**Material shown**
....

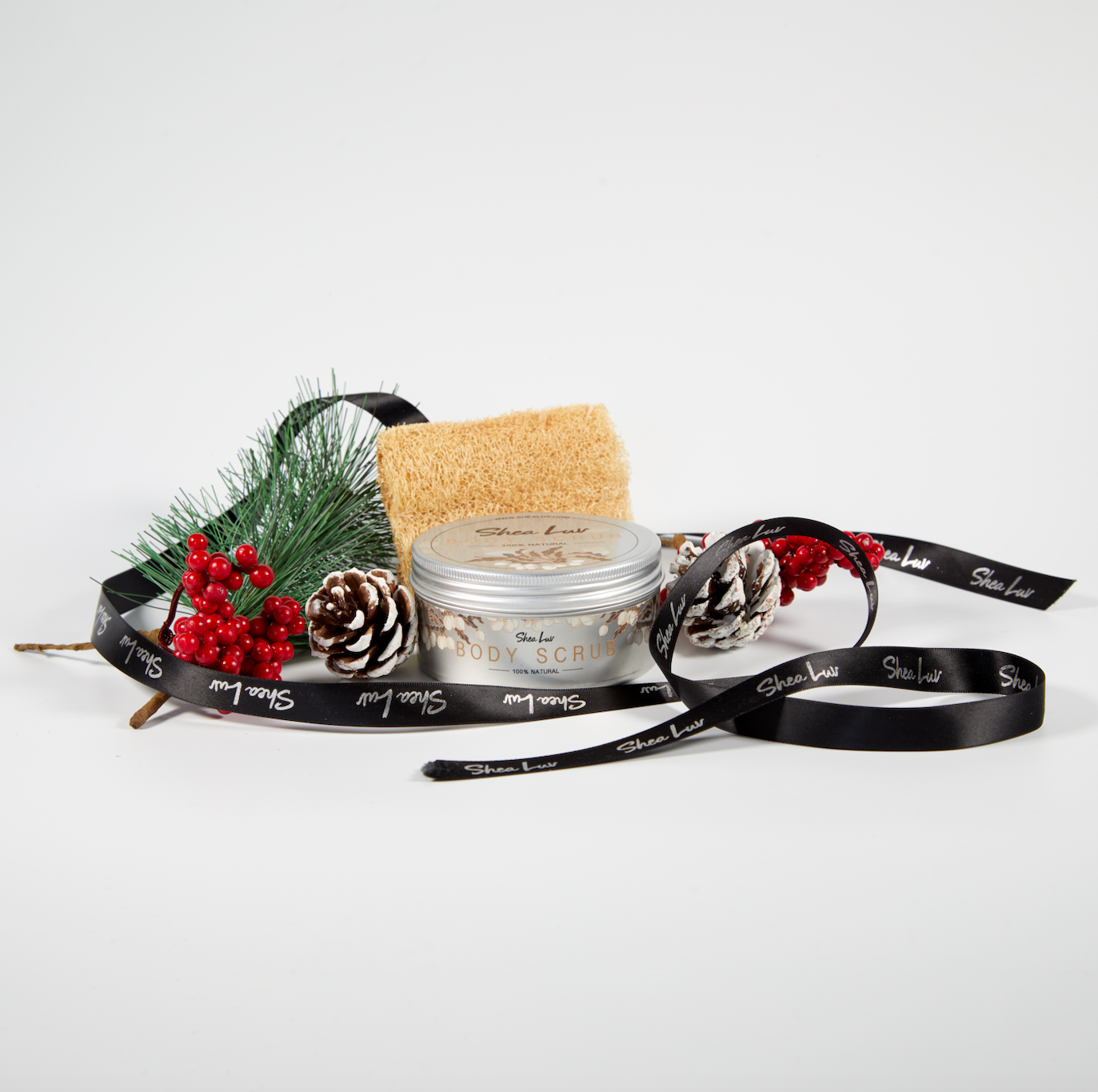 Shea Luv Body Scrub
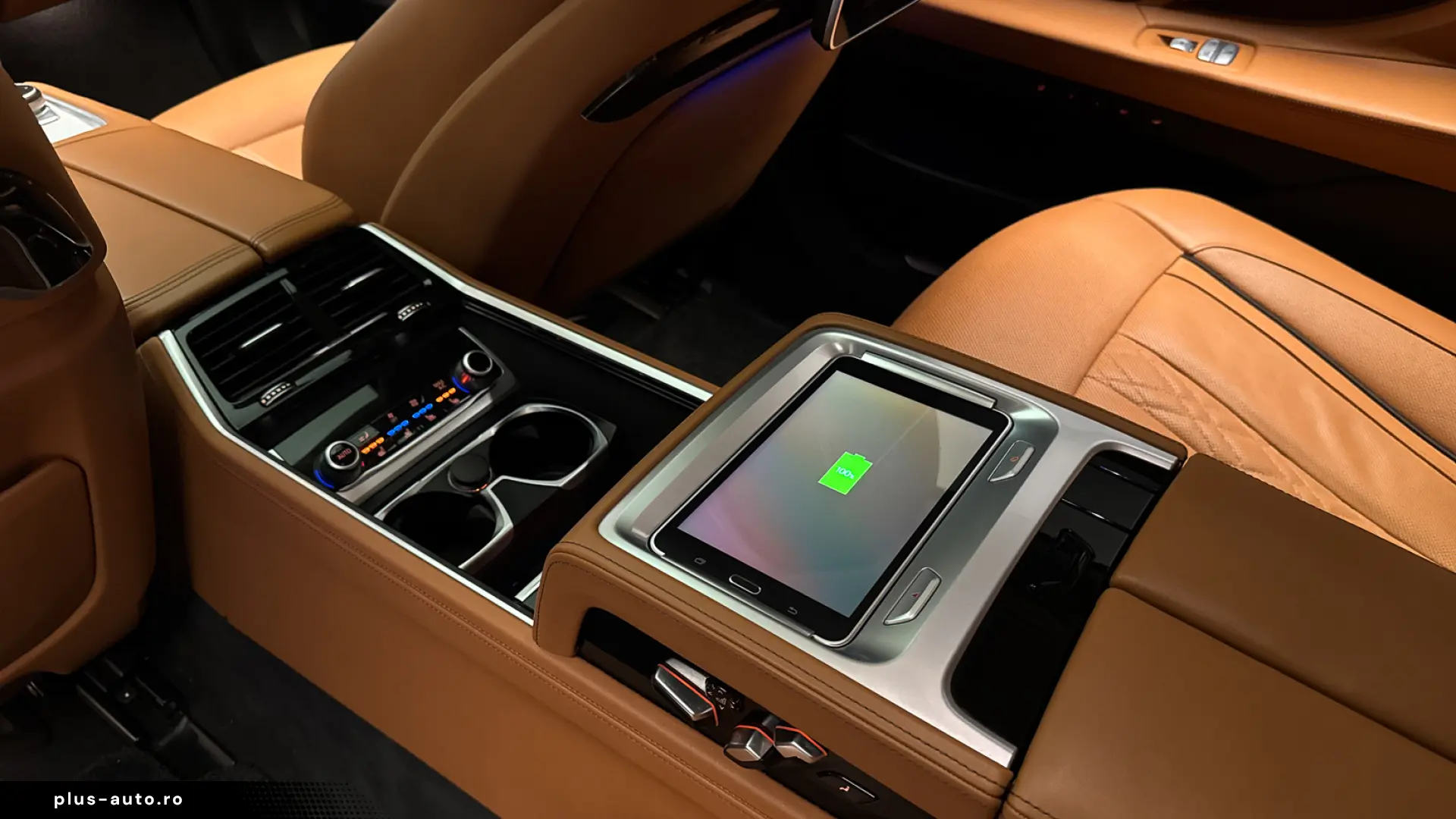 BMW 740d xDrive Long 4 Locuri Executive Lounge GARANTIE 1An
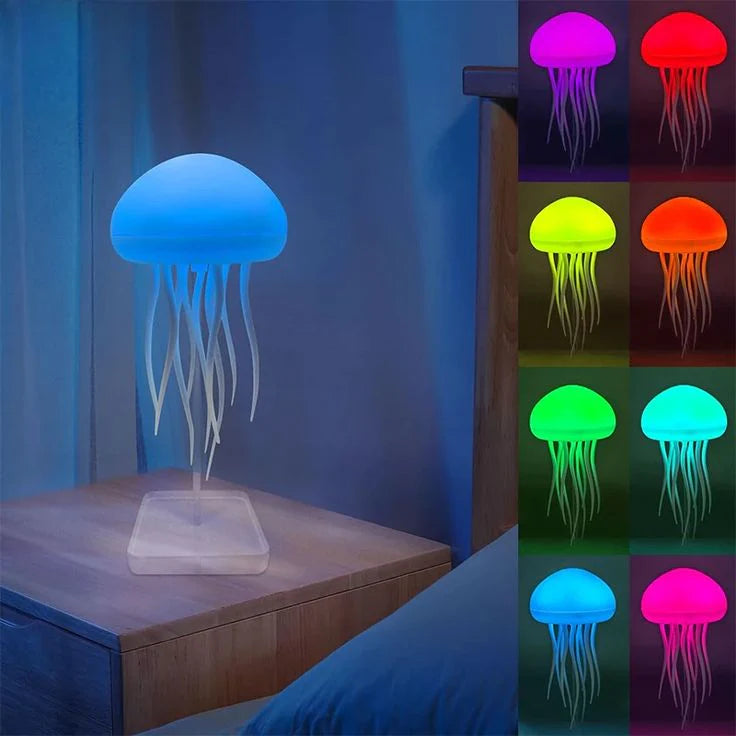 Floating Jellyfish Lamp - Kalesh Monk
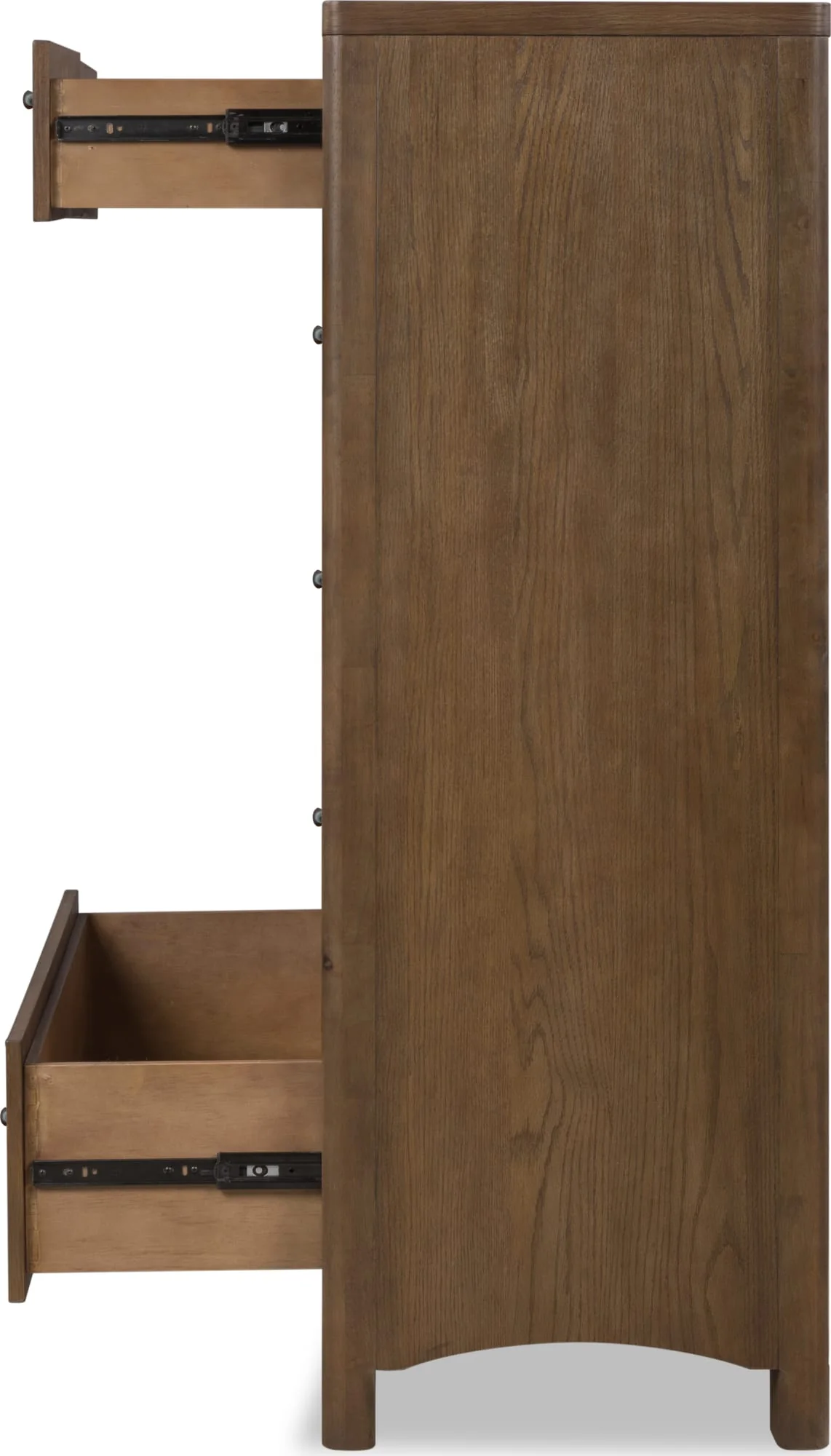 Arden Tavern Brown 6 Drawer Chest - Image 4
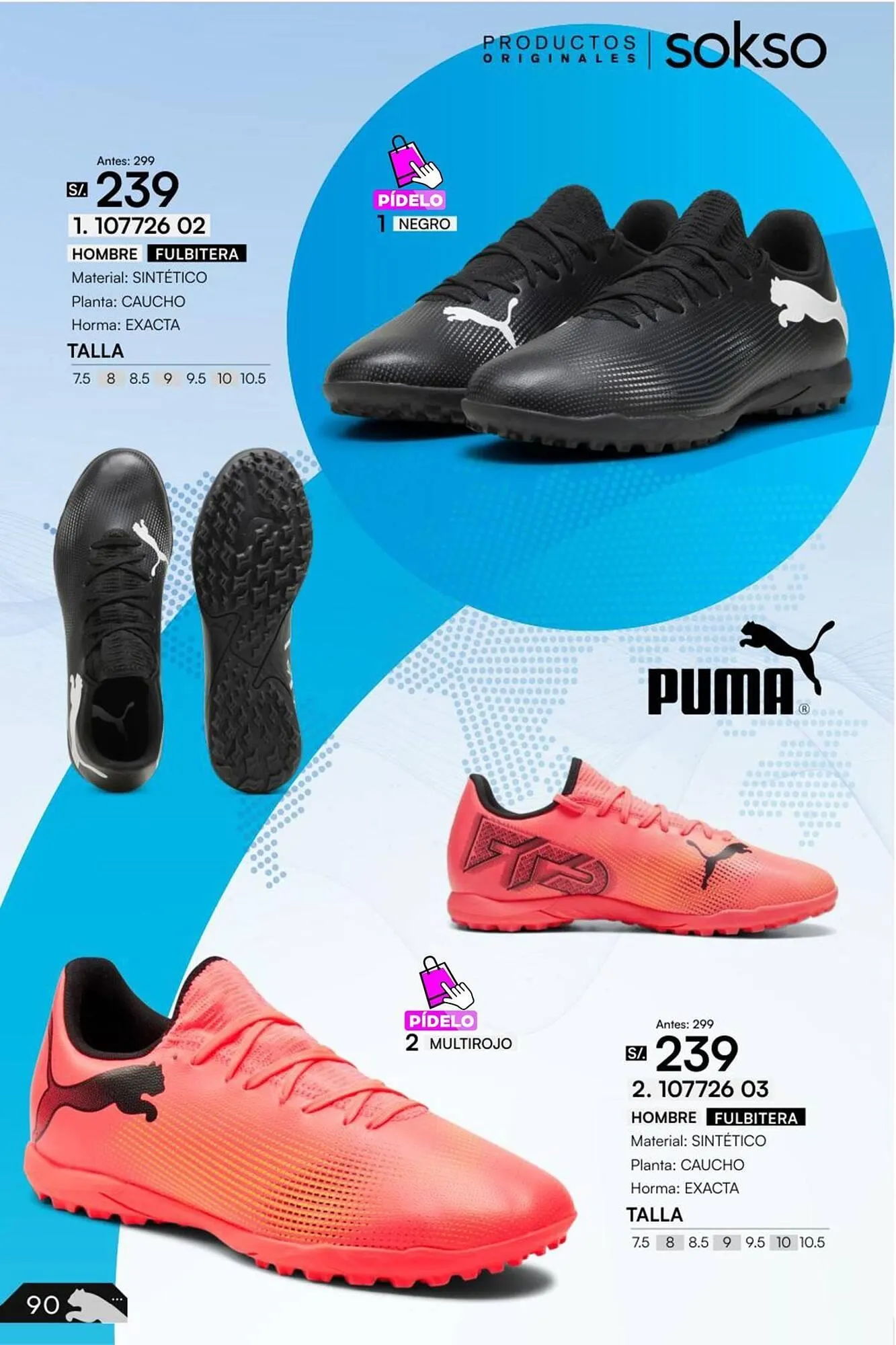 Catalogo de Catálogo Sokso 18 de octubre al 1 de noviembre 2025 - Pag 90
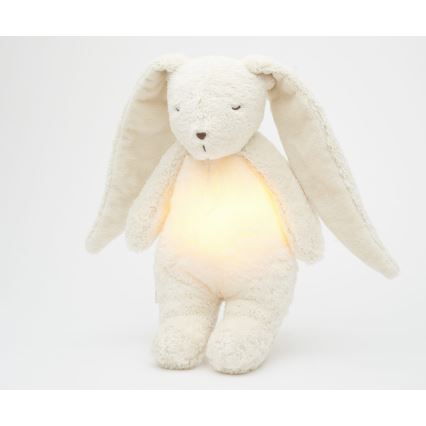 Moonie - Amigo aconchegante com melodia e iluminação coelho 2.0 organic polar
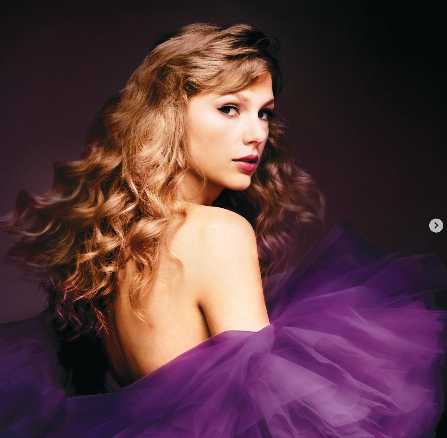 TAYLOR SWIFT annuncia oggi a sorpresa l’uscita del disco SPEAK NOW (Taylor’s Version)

....

**About this exercise**
Nothing but the lines from the line containing "Moonie - Amigo" through the last line of the material may be output, and they must be copied exactly, without pictures.

**Exercise solution**
 Moonie - Amigo aconchegante com melodia e iluminação coelho 2.0 organic polar
 TAYLOR SWIFT annuncia oggi a sorpresa l’uscita del disco SPEAK NOW (Taylor’s Version)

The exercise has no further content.